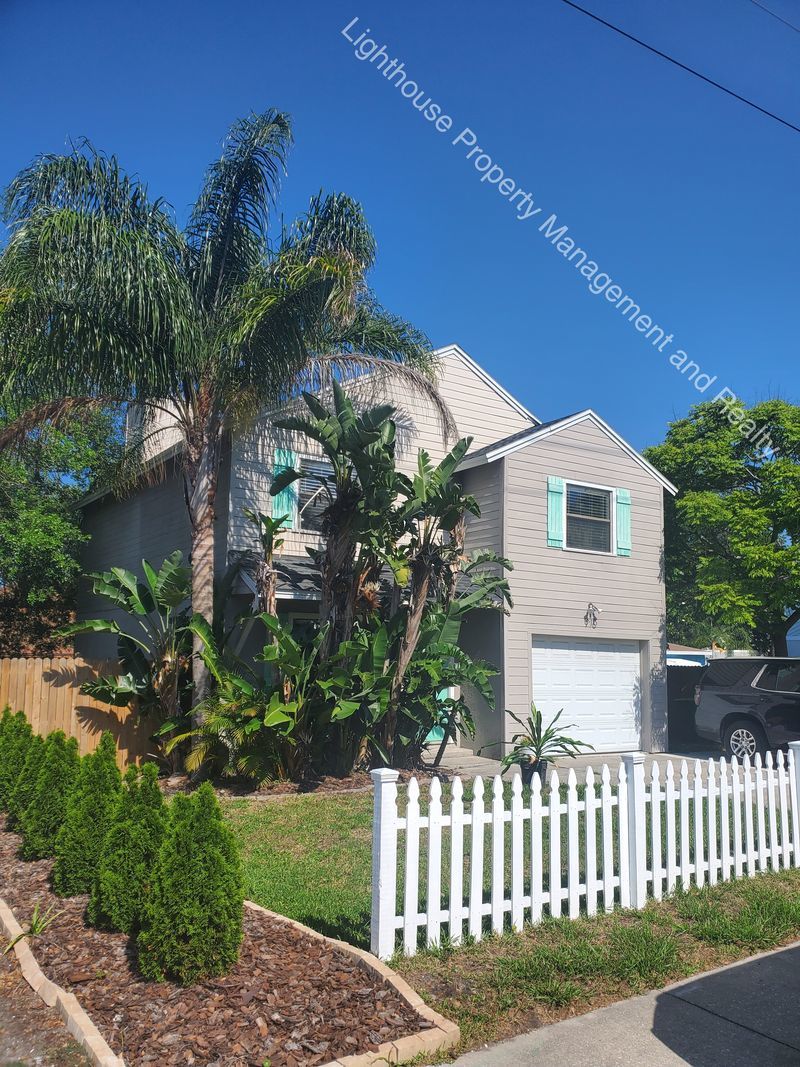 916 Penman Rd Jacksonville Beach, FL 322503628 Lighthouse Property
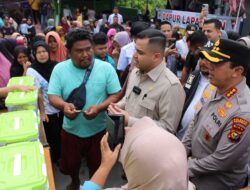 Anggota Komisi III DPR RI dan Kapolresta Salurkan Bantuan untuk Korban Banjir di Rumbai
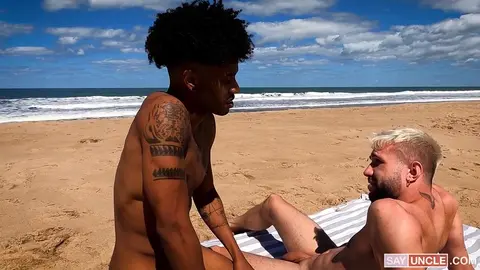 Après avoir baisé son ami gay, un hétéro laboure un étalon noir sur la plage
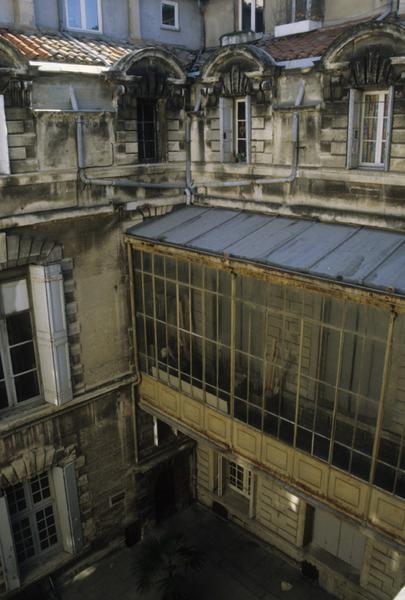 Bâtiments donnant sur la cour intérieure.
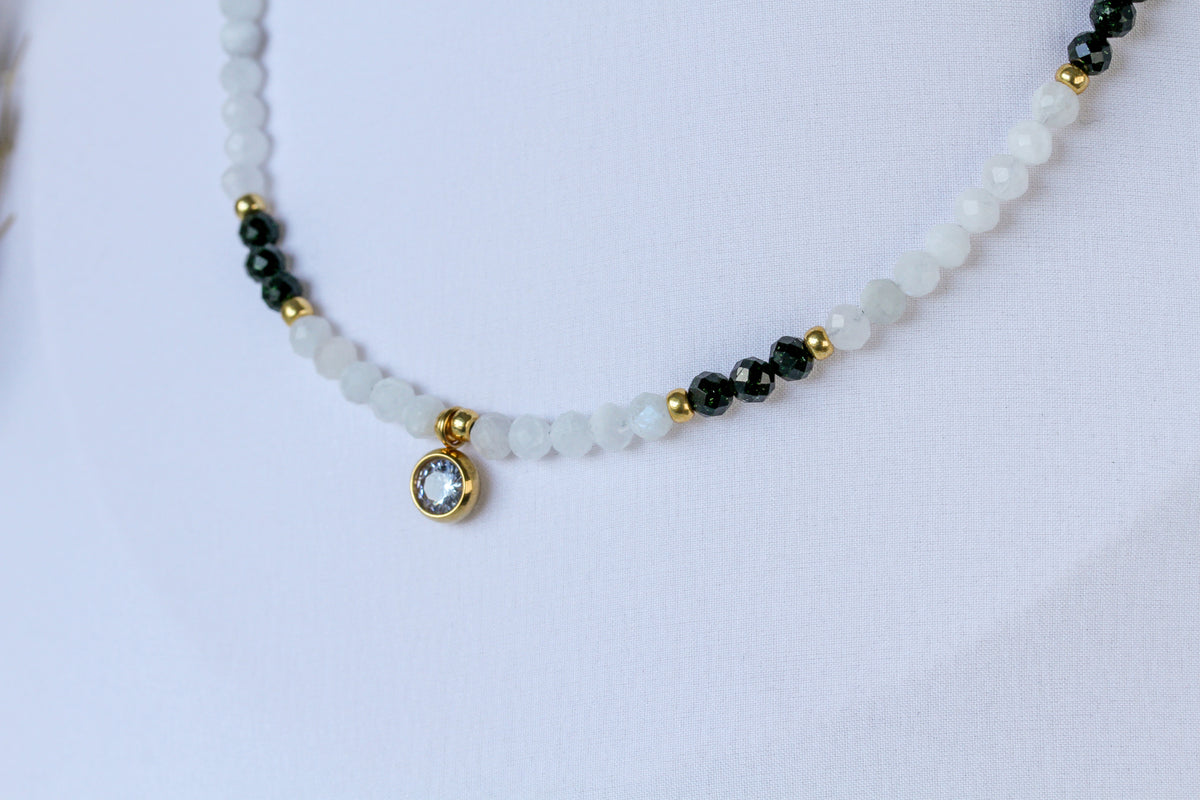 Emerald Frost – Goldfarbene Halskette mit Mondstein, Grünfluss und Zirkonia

---

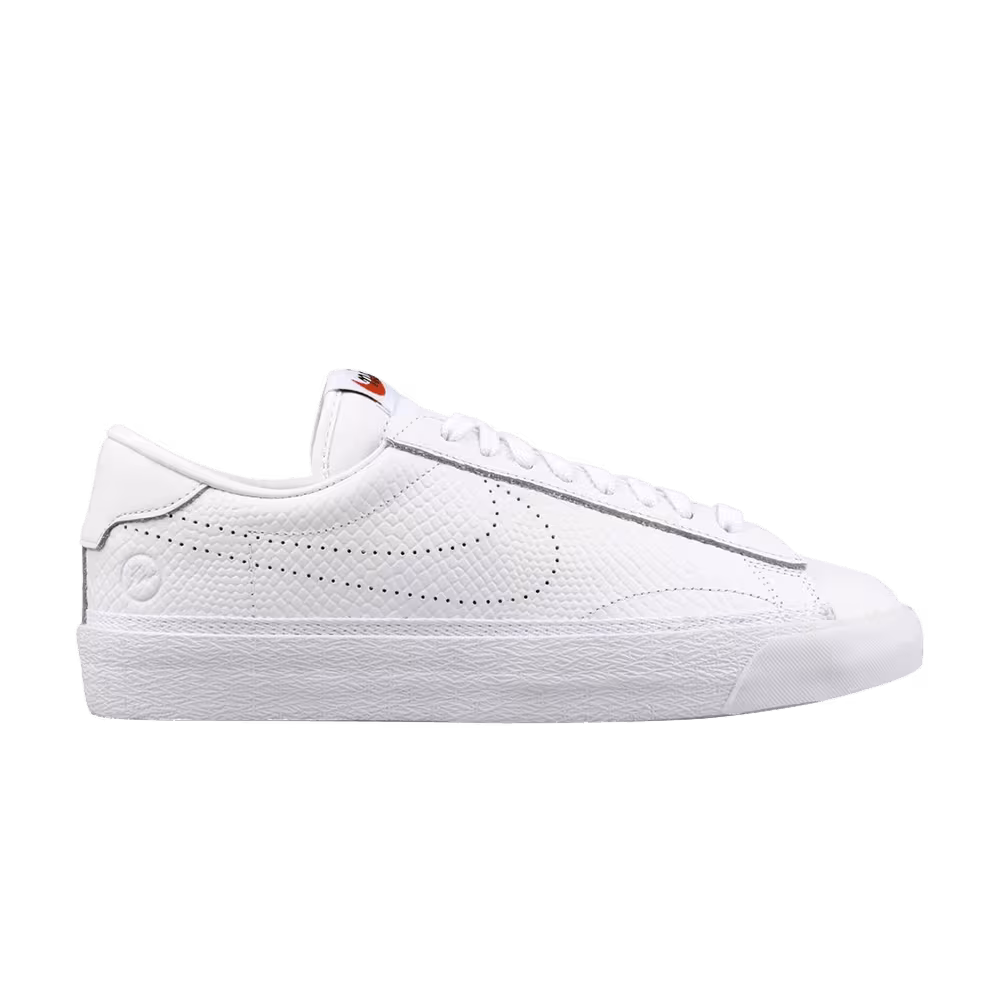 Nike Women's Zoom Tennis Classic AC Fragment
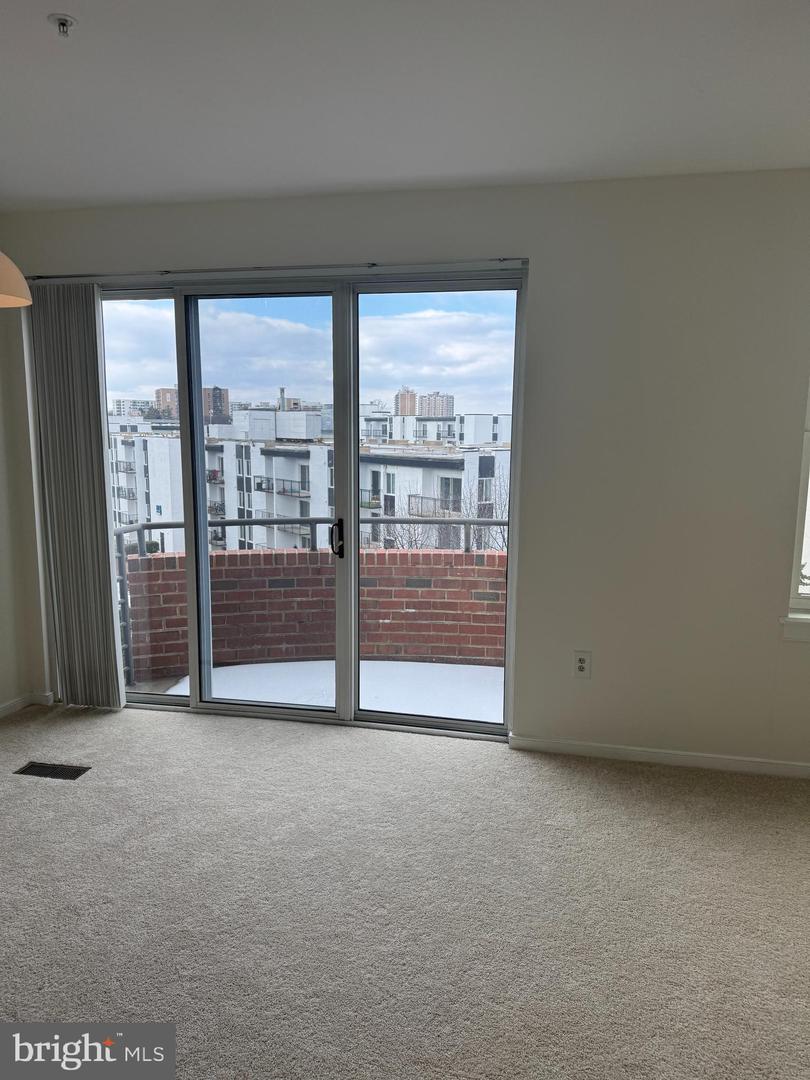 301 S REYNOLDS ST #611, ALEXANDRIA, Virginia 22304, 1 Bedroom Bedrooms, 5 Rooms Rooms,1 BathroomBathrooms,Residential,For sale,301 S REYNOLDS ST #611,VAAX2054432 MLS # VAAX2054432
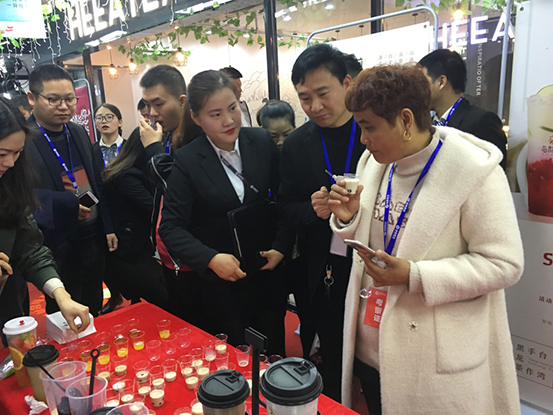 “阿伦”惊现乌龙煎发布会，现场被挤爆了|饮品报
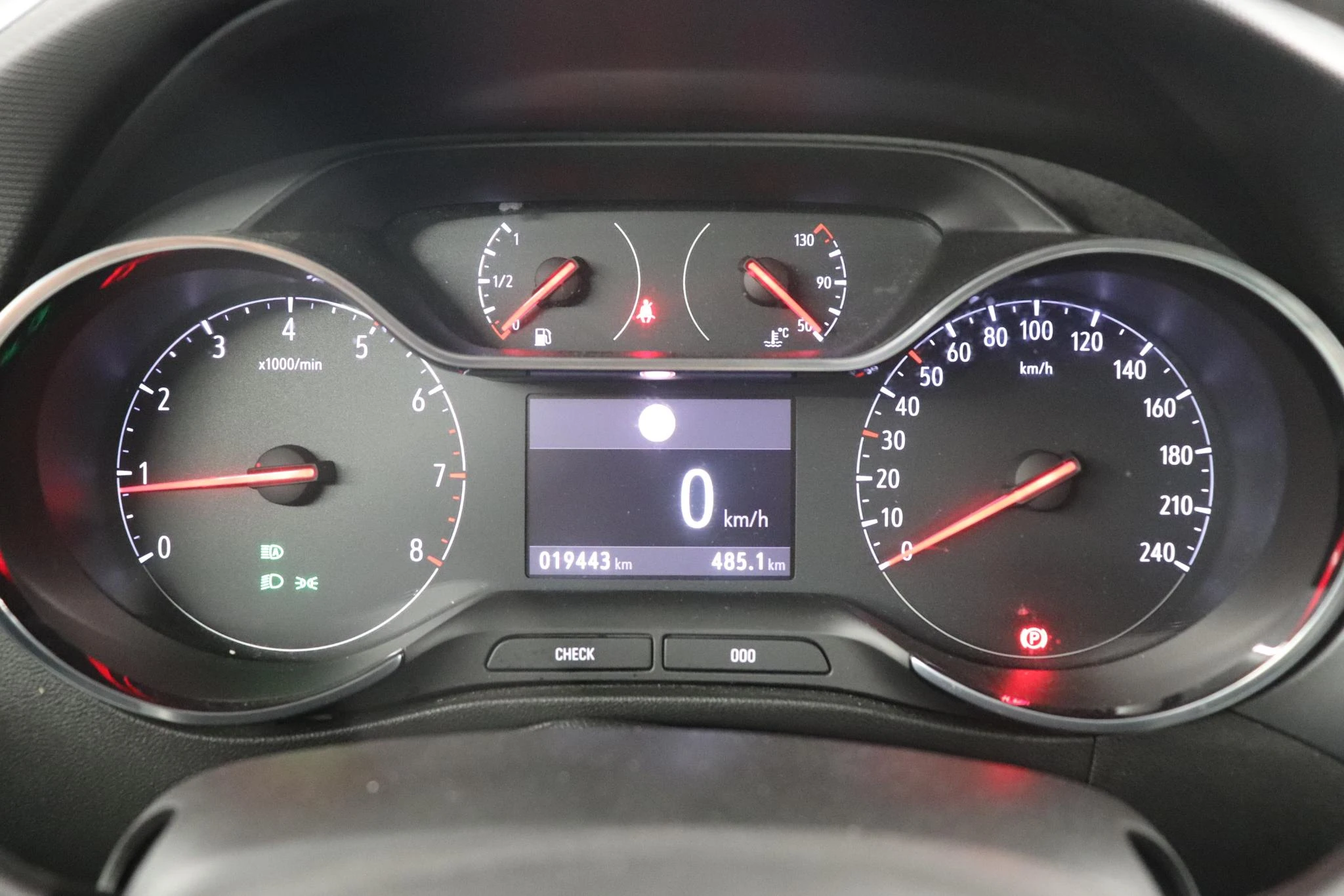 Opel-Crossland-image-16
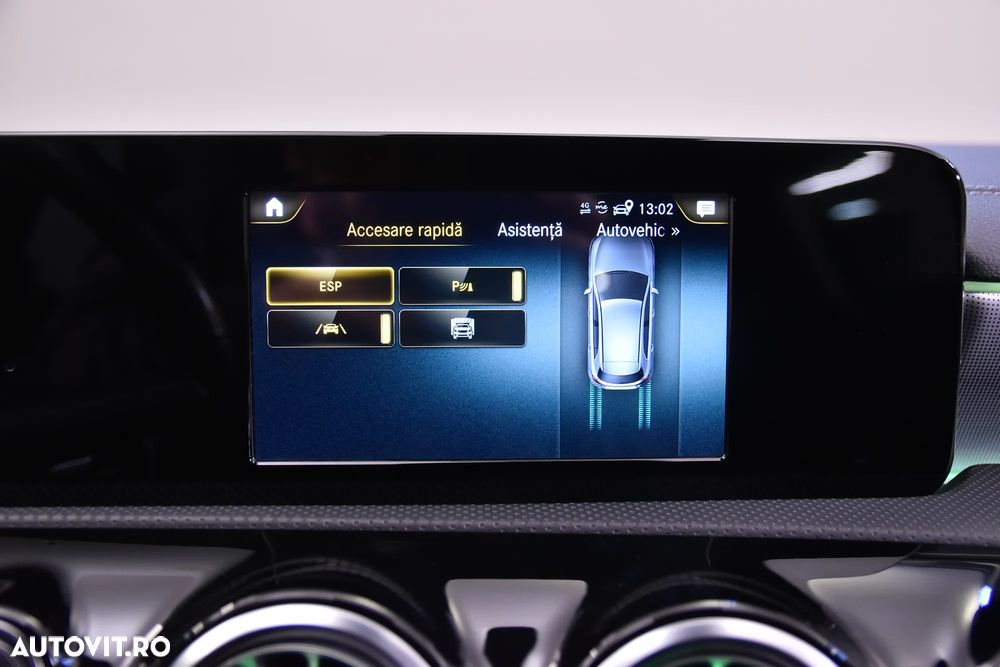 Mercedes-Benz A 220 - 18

--

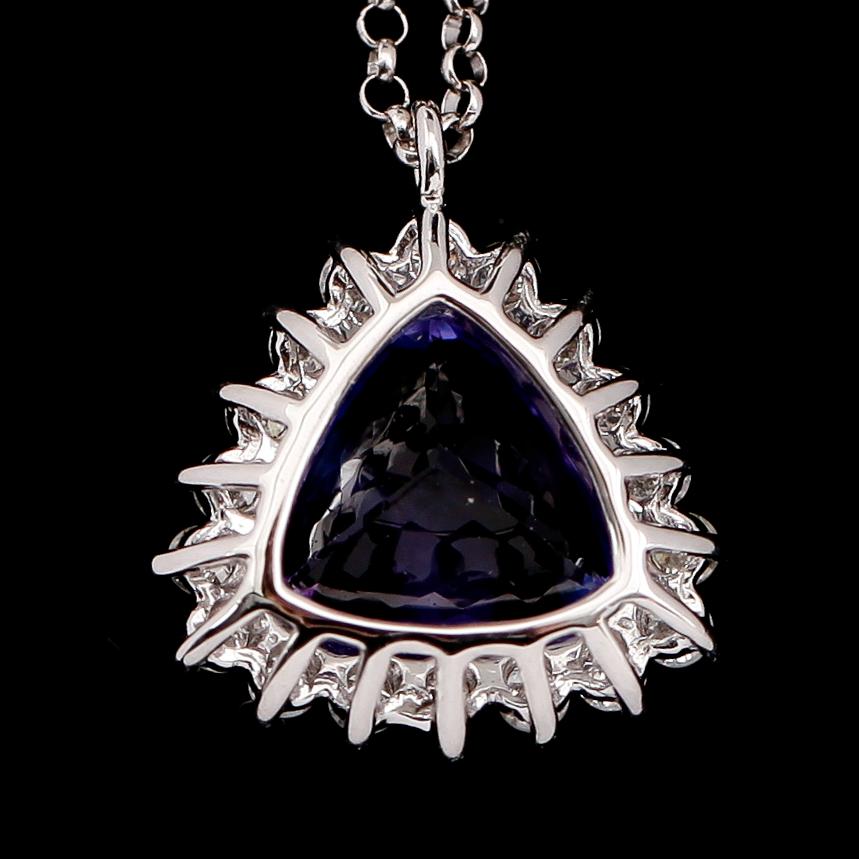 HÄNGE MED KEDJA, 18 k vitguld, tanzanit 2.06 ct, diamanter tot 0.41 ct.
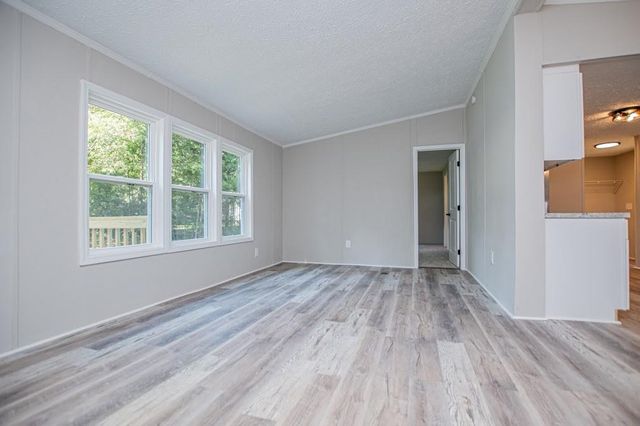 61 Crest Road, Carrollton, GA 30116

§ WHAT TO DO:
Copy word for word the lines of the records above from the one with "916 Penman Rd" up to and including the one with "Emerald Frost –". Skip the pictures.

§ TASK SOLUTION:
 916 Penman Rd Jacksonville Beach, FL 322503628 Lighthouse Property
 Anggota Komisi III DPR RI dan Kapolresta Salurkan Bantuan untuk Korban Banjir di Rumbai
 Après avoir baisé son ami gay, un hétéro laboure un étalon noir sur la plage
 Bâtiments donnant sur la cour intérieure.
 Emerald Frost – Goldfarbene Halskette mit Mondstein, Grünfluss und Zirkonia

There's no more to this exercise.